Monday, January 14, 2013

The Truth About Aaron Swartz 'Crime' — Remove the Quotation Marks and It's Not So Hard

Alex Stamos, CTO of Artemis Internet, was an expert witness for Aaron Swartz. He wrote a post about Swartz's death, "The Truth about Aaron Swartz’s “Crime”." He also cross-posted it at i09, and was surprised that folks might have a different take on things:


And here's a sample of those "mean" comments:
Swartz is not at fault for sneaking into a supply closet to intentionally evade detection because the closet was unlocked?

What, so it's somehow normal and acceptable for anyone to just walk into an unlocked supply closet (with intent to evade detection) so they could access files in a manner that shouldn't be accessed?

If he were truly not breaking any laws or any of MIT's terms, then he wouldn't have gone to lengths (even minor lengths) to evade detection.

Not breaking any of MIT's or JSTOR's terms is irrelevant. Private companies' terms are not the same thing as the law. The subterfuge proves that, yes, he was committing fraud so he could access information in a manner he knew he shouldn't have, JSTOR and MIT's attempts to stop him prove that although they did not have any terms he was an unwelcome presence on their network. There was intent to commit a crime, there was subterfuge to avoid detection, and a crime was committed. Why is this so hard?
No, not hard.

It's only hard if your moral universe inhabits the same vicinity as Anonymous, WikiLeaks, or the New York Times.

PREVIOUSLY: "Can We Just Not Get All Sentimental About Aaron Swartz, to the Effect of Martyring the Dude, or Anything Like That?"

EXTRA: At the Times of Israel, "Activist’s death fuels debate over computer crime."
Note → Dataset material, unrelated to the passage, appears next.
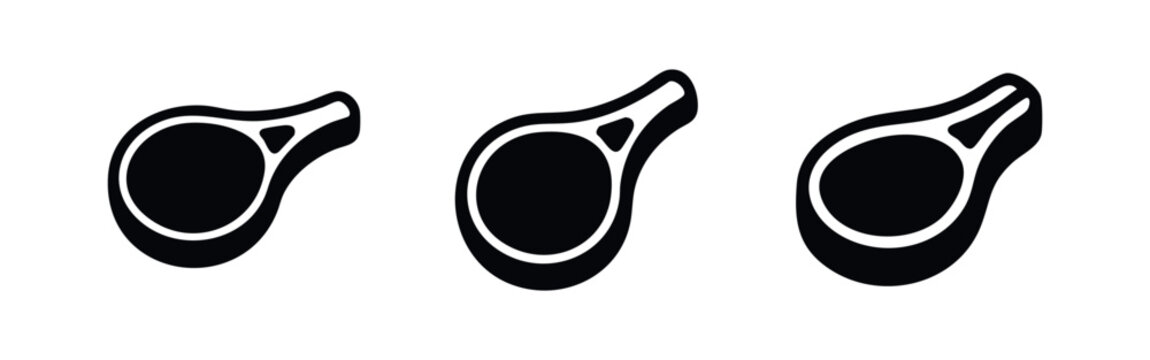 Meat cut icons set. Pork chops or steak symbols, representing raw meat products.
UPDATE: The Jawa Report links, "Thief, Terrorist Lover Lauded by MSM." Thanks!

Plus, the Wall Street Journal has a big piece, and it's not putting the wonder kid is a positive light, "Legal Case Strained Troubled Web Activist." (At Memeorandum.) Swartz was an extremely flawed activist, no MLK type whatsoever. He was a coward who refused to accept responsibility for his own criminal activity. Althouse has more on that:
He knew what he was doing was criminal, and he was a very intelligent man who chose to do it anyway and conceived of what he was doing as actively virtuous....

His crime was about making more information freely public, and yet he cringed at publicity about his own plight, even where his plight was something he invited into his life and believed in as an especially good thing to do. Why the shame? Why not expose yourself as a martyr to laws you oppose?
RTWT.

And William Jacobson is working the civil liberties angle, "Finding common ground in limited government — I am the NRA and EFF."

I am not indifferent to that angle, although Swartz's case isn't all that different to me than, say, Julian Assange's and WikiLeaks. I don't impute noble motives to these people. And pushing cyber-law reform can be accomplished without making martyrs of proven cowards.